◆ **Your instructions**: Go through the records and copy each line where the string "Toyota" occurs.

◆ **Available records**:
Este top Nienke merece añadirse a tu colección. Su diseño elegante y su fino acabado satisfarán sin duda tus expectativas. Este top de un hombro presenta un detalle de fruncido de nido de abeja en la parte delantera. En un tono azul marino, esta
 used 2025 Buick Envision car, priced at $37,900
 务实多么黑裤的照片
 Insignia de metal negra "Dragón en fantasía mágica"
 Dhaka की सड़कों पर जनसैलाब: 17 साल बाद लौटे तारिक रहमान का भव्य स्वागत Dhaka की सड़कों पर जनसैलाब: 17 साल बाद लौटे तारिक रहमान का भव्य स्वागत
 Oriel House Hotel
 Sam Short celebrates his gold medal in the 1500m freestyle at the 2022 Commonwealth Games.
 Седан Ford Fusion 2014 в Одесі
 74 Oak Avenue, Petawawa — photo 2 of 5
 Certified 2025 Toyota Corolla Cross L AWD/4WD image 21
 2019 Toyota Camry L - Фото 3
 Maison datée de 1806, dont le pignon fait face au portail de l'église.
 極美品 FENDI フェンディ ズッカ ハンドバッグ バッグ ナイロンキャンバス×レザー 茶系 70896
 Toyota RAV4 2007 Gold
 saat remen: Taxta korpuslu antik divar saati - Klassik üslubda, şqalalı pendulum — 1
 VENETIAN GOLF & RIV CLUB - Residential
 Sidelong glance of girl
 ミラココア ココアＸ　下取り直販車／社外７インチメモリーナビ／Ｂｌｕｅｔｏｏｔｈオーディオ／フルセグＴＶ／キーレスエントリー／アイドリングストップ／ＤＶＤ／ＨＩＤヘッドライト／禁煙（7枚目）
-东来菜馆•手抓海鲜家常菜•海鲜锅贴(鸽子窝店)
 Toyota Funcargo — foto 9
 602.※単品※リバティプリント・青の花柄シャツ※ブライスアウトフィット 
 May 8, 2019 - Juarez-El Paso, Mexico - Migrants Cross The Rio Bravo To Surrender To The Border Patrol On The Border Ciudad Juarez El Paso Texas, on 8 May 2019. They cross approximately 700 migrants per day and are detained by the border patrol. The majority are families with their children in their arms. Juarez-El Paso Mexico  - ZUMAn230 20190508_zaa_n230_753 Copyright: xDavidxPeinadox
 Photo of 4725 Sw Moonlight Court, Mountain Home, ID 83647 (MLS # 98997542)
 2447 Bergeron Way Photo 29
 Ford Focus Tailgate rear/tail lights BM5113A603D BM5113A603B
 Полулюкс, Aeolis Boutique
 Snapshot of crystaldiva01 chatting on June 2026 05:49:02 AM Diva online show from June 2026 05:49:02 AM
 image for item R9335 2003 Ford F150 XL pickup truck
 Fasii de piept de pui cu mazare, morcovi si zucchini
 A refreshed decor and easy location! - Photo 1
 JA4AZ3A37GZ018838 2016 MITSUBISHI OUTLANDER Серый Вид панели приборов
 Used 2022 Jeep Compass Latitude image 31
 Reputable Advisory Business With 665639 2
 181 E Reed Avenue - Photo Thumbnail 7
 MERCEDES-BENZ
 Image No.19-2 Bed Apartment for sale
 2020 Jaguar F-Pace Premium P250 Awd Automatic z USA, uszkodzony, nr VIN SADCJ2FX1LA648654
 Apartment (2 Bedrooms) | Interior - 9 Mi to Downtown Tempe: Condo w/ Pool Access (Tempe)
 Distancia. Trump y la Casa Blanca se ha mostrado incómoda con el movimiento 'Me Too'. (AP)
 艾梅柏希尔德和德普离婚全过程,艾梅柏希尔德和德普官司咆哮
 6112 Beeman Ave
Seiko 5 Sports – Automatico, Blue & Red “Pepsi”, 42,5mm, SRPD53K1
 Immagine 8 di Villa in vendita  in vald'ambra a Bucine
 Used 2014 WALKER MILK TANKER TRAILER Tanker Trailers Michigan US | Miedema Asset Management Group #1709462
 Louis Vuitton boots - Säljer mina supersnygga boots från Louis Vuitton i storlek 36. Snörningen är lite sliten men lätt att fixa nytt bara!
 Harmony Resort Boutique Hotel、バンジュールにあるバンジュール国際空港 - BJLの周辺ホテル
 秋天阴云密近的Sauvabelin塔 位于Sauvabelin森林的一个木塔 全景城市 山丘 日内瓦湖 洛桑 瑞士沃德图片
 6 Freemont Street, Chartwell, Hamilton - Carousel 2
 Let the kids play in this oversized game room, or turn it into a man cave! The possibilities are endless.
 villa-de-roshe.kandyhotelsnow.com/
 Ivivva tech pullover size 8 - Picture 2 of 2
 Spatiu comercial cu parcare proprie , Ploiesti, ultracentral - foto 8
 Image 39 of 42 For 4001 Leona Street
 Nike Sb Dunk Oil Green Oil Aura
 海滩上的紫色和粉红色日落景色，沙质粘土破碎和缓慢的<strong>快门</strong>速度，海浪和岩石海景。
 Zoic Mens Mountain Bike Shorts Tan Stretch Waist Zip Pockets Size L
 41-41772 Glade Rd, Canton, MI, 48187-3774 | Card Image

◆ **Result for this task**:
 Certified 2025 Toyota Corolla Cross L AWD/4WD image 21
 2019 Toyota Camry L - Фото 3
 Toyota RAV4 2007 Gold
 Toyota Funcargo — foto 9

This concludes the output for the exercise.